A sense of urgency pervaded library leaders' remarks about the need for the profession to "step up to the plate" and strongly define and assert its role in the information age. Many interviewees thought that librarians, at both the local and national leadership levels, were too reluctant to take on this role.
If nobody "much notices" libraries, then it is the librarians' job, in addition to being information navigators, to make the public notice and become advocates for the profession, the interviewees said.

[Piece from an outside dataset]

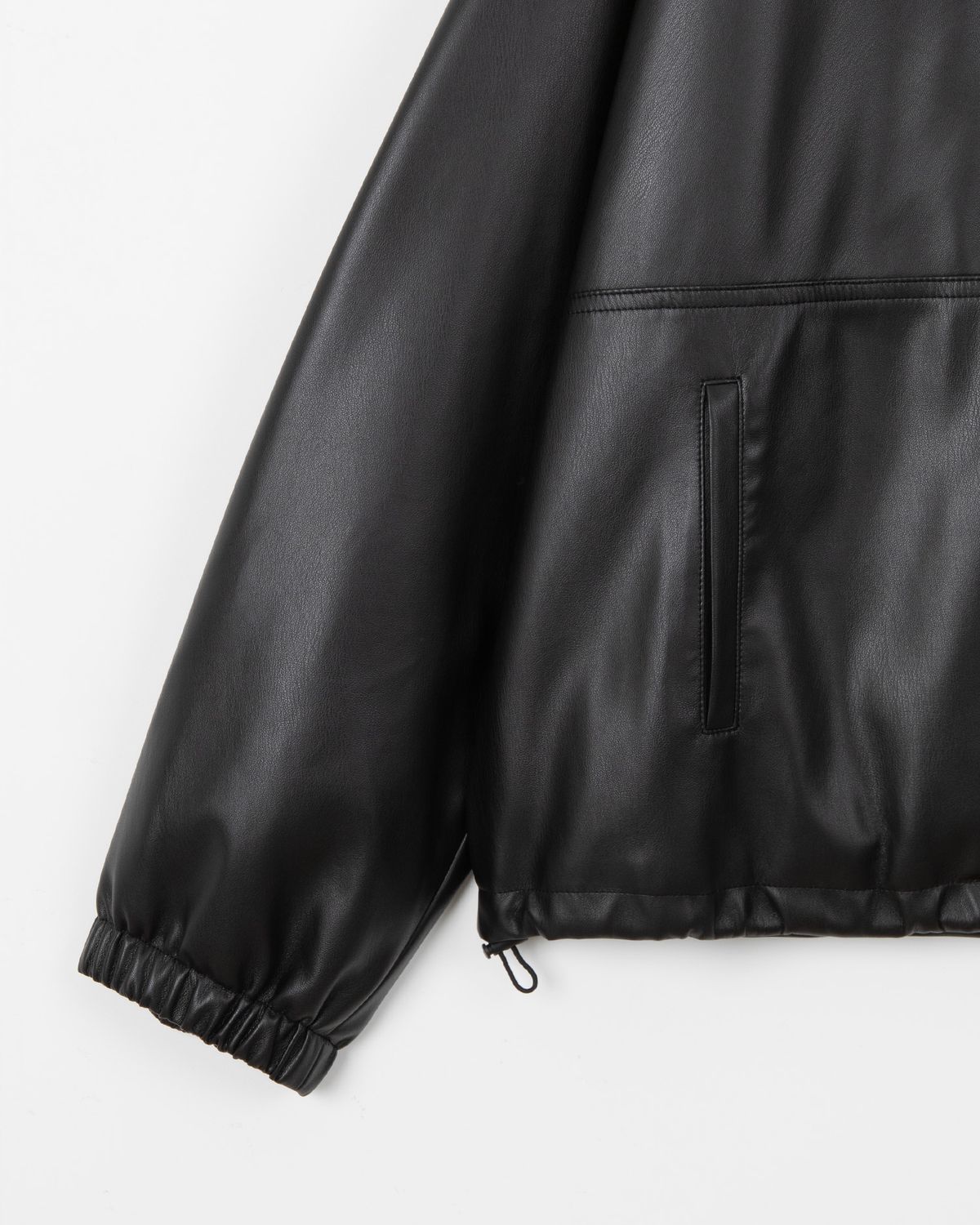 디앤드퀘스천(THEENDQUESTION) Leather hooded jumper / BLACK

Library leadership needs to be able to state its case, be more aggressive, and as one interviewee put it, "be, in the public view, worthy of investment."
Many thought this assertiveness was particularly essential, given the current antigovernment political environment in which public institutions across the board are fighting for survival.
One library leader suggested that the profession actively recruit student government and other leaders in high school and college to consider entering the profession and to renew its leadership ranks.
Some of the leaders who were interviewed expressed optimism that the spring meeting in Washington DC -- to discuss the sector's public message campaign -- would spur this sort of activism. But others expressed caution: "One questions the extent to which the public library directors, their staff, and their boards actually understand the profound nature of the change that's under way."
Library leaders, as expressed in their vision statements and personal interviews, are at a crossroads in trying to define their profession. Their vision is firmly grounded in the library as a physical space, a hybrid of digital and book collections, and a community information resource, and in the librarian as a vital information navigator. Still in dispute is the library's competitive niche in an expanding marketplace of information. The individual user who once would have sought out the library is now being his or her own "librarian" -- or at least is attempting to assume this role. Another key question is whether the public will support these roles politically and financially and whether the sector can reach a sufficient consensus to exert its leadership in the new information environment.